Fixed income investors eye T-bills, avoid Treasury bonds

Fixed-income investors are scrambling for Treasury bills and cutting their appetite for Treasury bonds, hoping returns on government paper will increase and force the state to rely on short-term borrowing.

Three of the last four Treasury bill auctions have been oversubscribed. In contrast, bond auctions in May and June underperformed, reflecting the switch to shorter government paper as investors bet on the rates increasing.

Investors often avoid locking funds in long-dated papers such as bonds if they expect interest rates to rise, favouring the 91-day Treasury bill instead.

The shift comes ahead of the Central Bank of Kenya (CBK) policy meeting on Tuesday, which is expected to signal the general trend of interest rates in the coming months through the benchmark rate – which was frozen for the first time in April since June 2024.

‘As much as an investor has liquidity, one wants to restrict their tenure to the short end when there are expectations that yields will go up,’ said Christine Gatakaa, the Head of Fixed Income Trading at Capital A Investment Bank.

‘You don’t want to be underwater in a few weeks or months.’

Treasury bills were two times oversubscribed last week as investor bids topped Sh54.5 billion against a target of Sh24 billion.

The 91-day Treasury bill, the shortest tenure paper, marked the highest investor bids at Sh32.8 billion against a target of Sh4 billion.

T-bill subscriptions recovered from Sh16.6 billion in the previous week, affirming adequate liquidity in money markets even as investors wait for more signals on the interest rates direction.

‘The sharp recovery in demand suggests ample market liquidity and renewed investor appetite for government securities, as investors seek to lock in attractive yields amid rising inflation expectations and uncertainty surrounding the near-term interest rate outlook,’ analysts at AIB-AXYs Africa, an investment bank, said.

Returns on the shortest-dated government securities have risen since the start of April, mirroring the reversal in interest rates.

The 91-day T-bill return jumped from 7.4261 percent at the end of March to 8.5588 percent at present while interest rates on the longer-dated 364-day Treasury bill have grown to 8.7629 percent from 8.2815 percent over the same period.

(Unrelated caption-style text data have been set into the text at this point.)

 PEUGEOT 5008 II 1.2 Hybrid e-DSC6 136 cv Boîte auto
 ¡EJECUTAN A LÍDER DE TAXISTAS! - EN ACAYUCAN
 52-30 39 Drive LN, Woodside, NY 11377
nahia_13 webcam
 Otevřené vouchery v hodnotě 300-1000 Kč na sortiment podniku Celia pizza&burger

Subscriptions on longer-dated Treasury bonds have underperformed in the past month, underlining falling demand for the high tenured securities as investors look to short-dated instruments.

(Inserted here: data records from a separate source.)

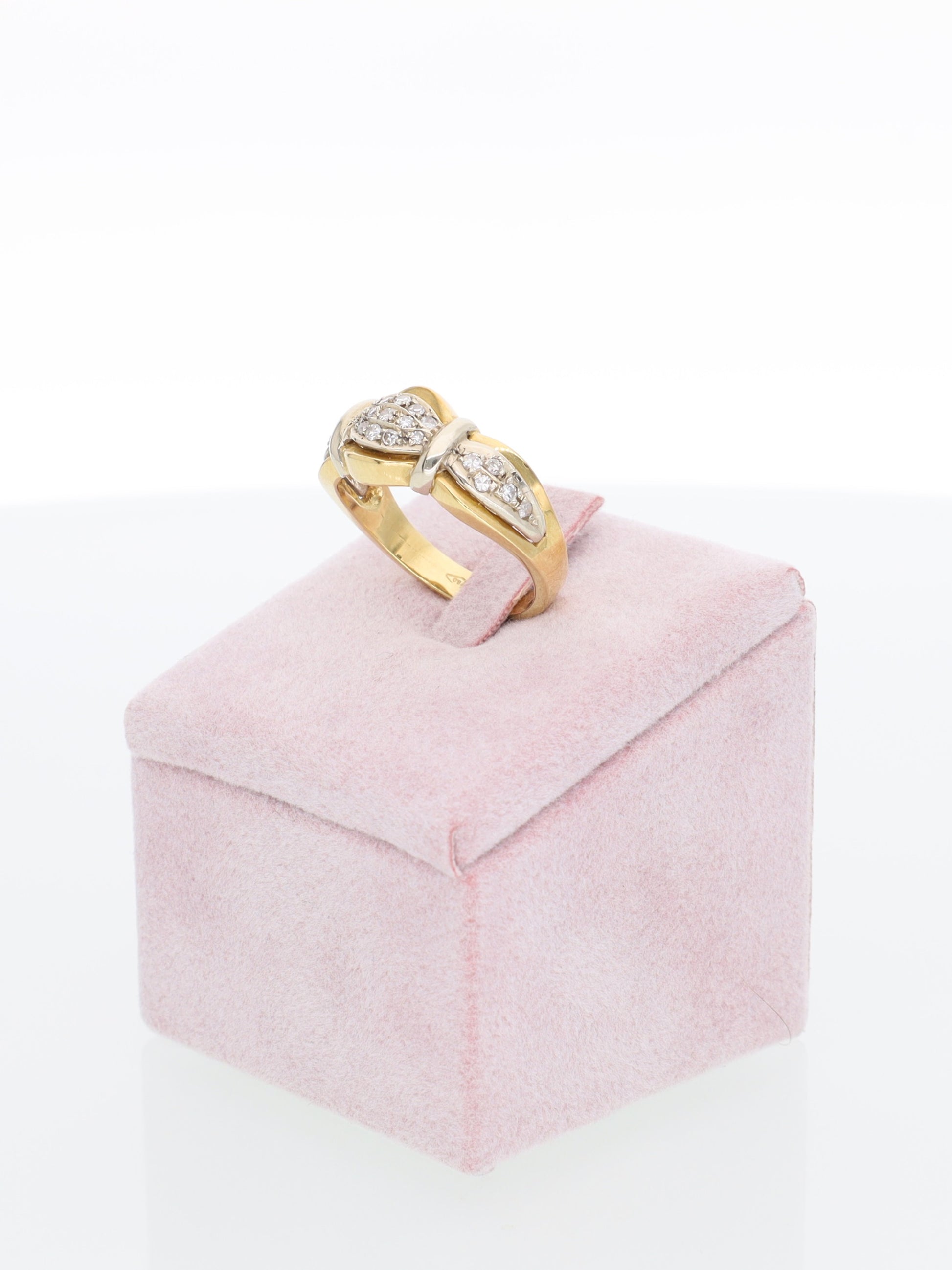 Anello in Oro Giallo 18 kt con Tre Pavé di Diamanti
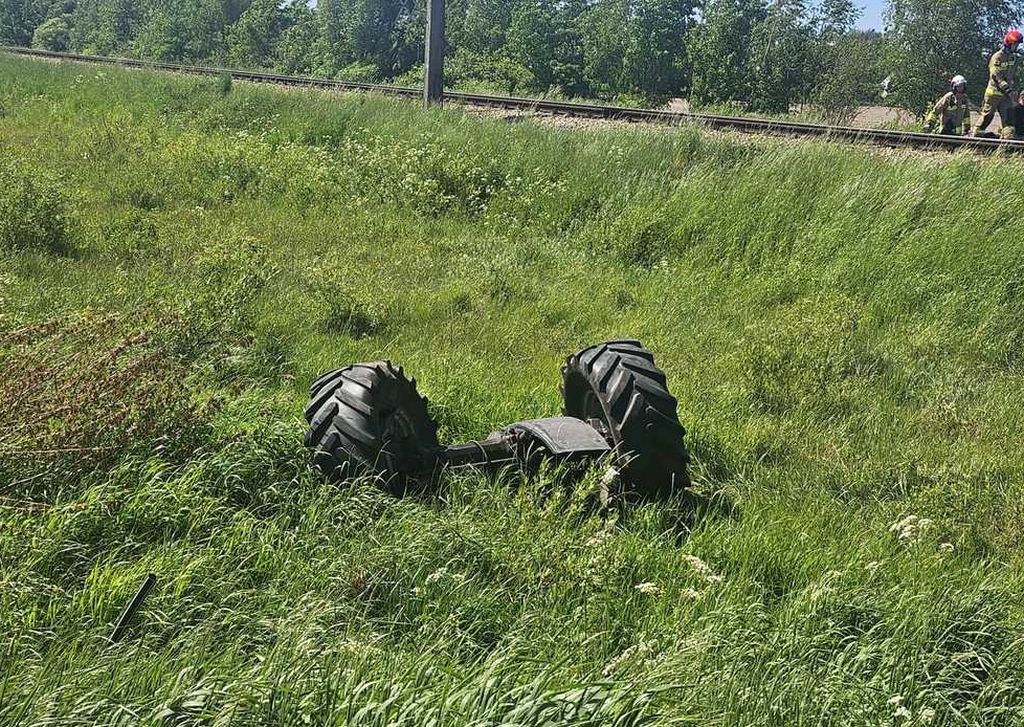zdarzenie drogowe, zderzenie, ciągnik, pociąg
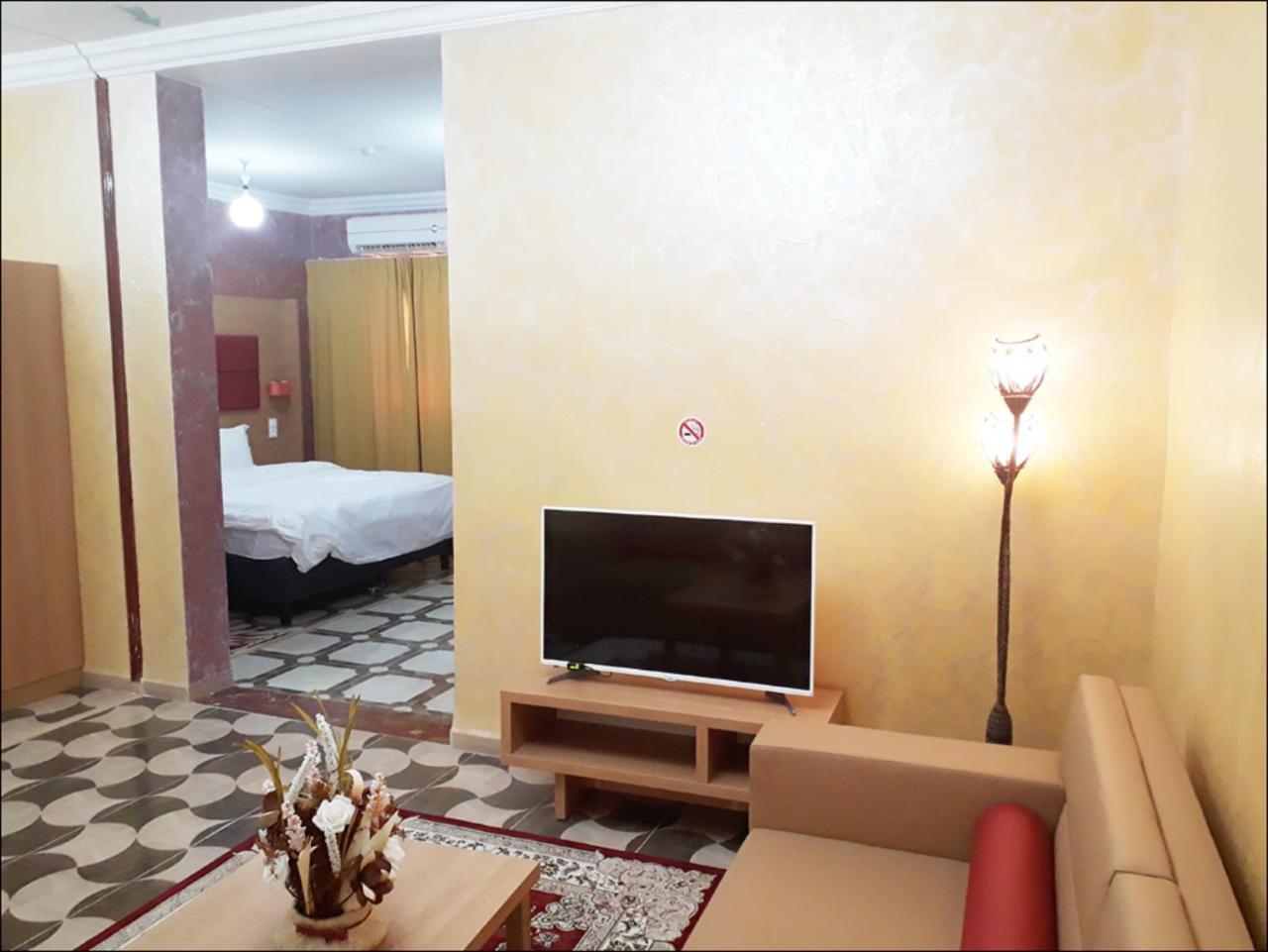 Hotel Takialt Adrar Esterno foto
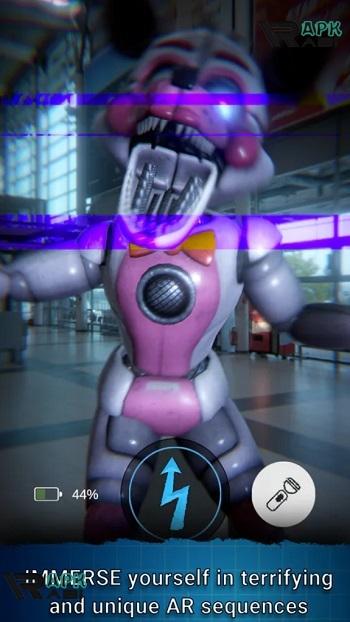Comparison of character roster between official FNAF AR and Forsaken AR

The 15 and 25-year reopened bonds that sold this month, for instance, registered an 85.97 percent performance rate on Sh34.3 billion bids against a target of Sh40 billion.

Previously, two re-opened bonds – a 15 and 20-year paper – marked a subscription rate of 94.32 percent on Sh471.1 billion bids, against a target of Sh50 billion.

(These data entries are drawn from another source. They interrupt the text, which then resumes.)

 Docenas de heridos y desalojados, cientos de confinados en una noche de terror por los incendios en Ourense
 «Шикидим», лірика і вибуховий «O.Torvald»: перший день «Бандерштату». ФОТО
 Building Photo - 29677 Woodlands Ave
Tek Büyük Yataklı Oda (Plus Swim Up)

A 20-year Treasury switch bond issue also missed the mark, posting a performance rate of 76.14 percent on Sh7.6 billion bids received, but against Sh10 billion on offer.

The CBK, which serves as the National Treasury’s fiscal agent, faces the hard task of meeting the government’s domestic borrowing target while keeping interest payouts in check.

The bank is expected to ditch longer-dated securities for short-term issuances to ensure the government can meet its target even as payments to investors rise.

CBK has in the past indicated that it would rather pay high interest rates on short-term papers than offer premium payouts for longer durations.

‘CBK will have to yield to investor demands for higher rates if it is to hit borrowing targets. I expect to see switch bond auctions from longer-dated instruments to shorter-tenured papers. We have seen a lot more traction on bonds with tenures of less than five years in the secondary market, which informs where investor appetites are,’ Ms Gatakaa said.

Net domestic financing for the financial year starting July 1 is already expected to top Sh995.7 billion as Treasury bets on local credit markets to plug a Sh1.1 trillion budget deficit.

The US-Israel war on Iran is expected to have an impact on economic growth and revenue mobilisation.